Please quote exactly the lines below from the line containing "LuLu Lemon Top - Picture 2 of 7" to the line containing "Business facilities in", both lines included, and nothing else.

WORKING DATA:
▶
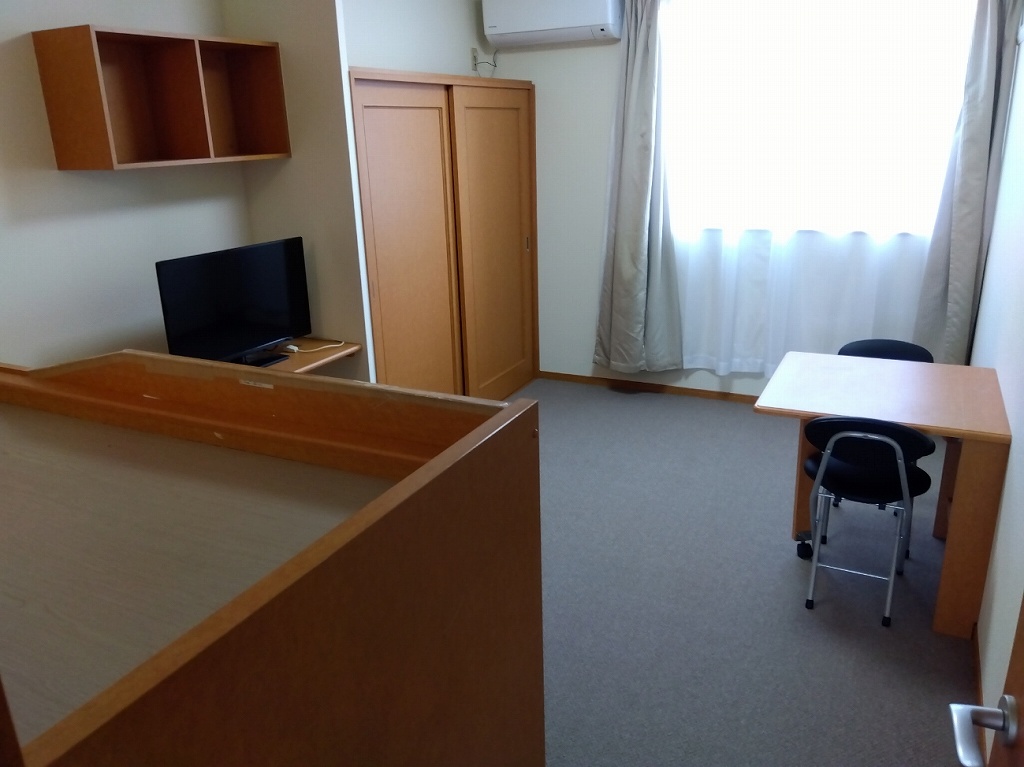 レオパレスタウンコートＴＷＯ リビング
◀
▶
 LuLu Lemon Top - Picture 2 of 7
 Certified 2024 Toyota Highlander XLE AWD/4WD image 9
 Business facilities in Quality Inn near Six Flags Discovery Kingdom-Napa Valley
◀
▶
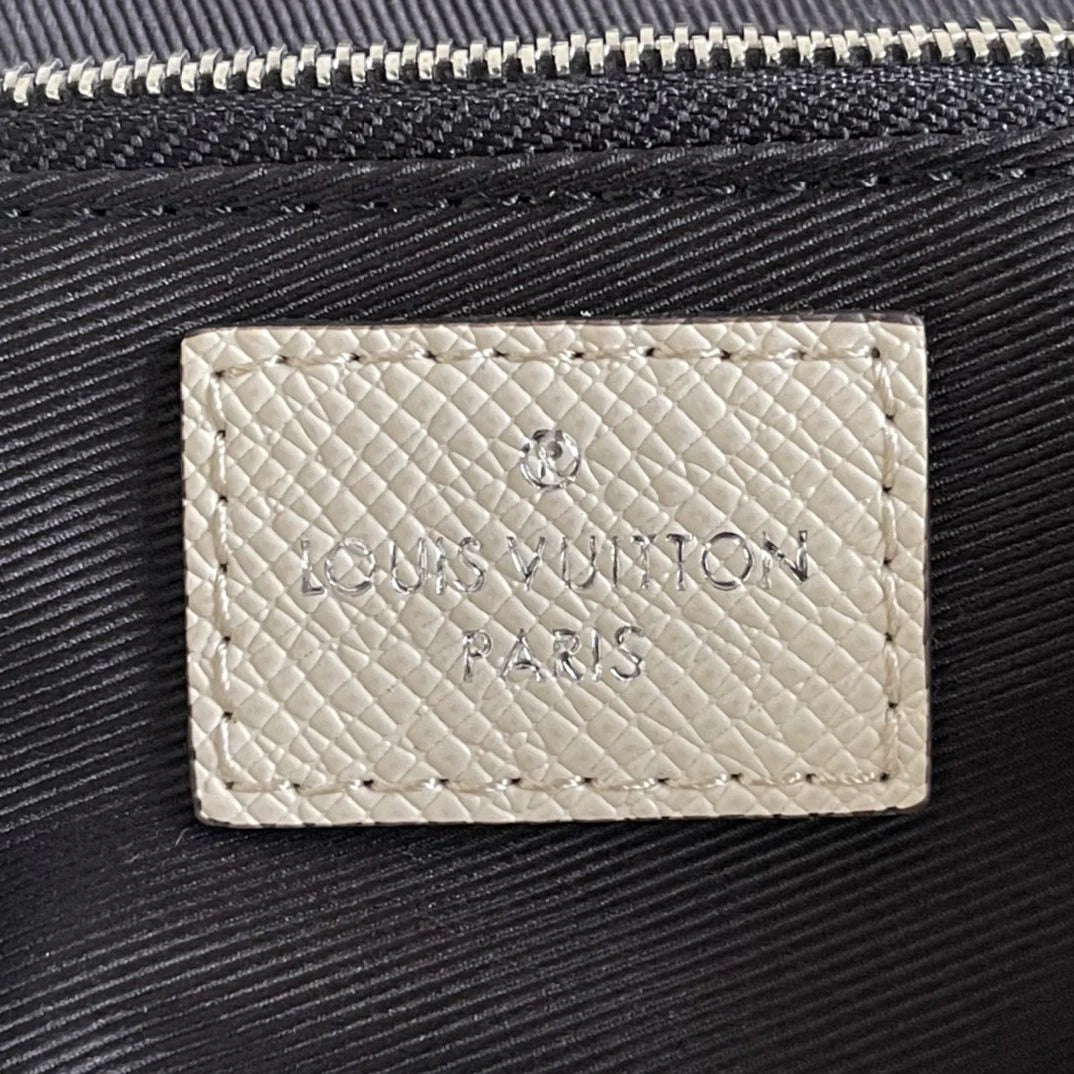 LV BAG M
◀
EXERCISE ANSWER:
 LuLu Lemon Top - Picture 2 of 7
 Certified 2024 Toyota Highlander XLE AWD/4WD image 9
 Business facilities in Quality Inn near Six Flags Discovery Kingdom-Napa Valley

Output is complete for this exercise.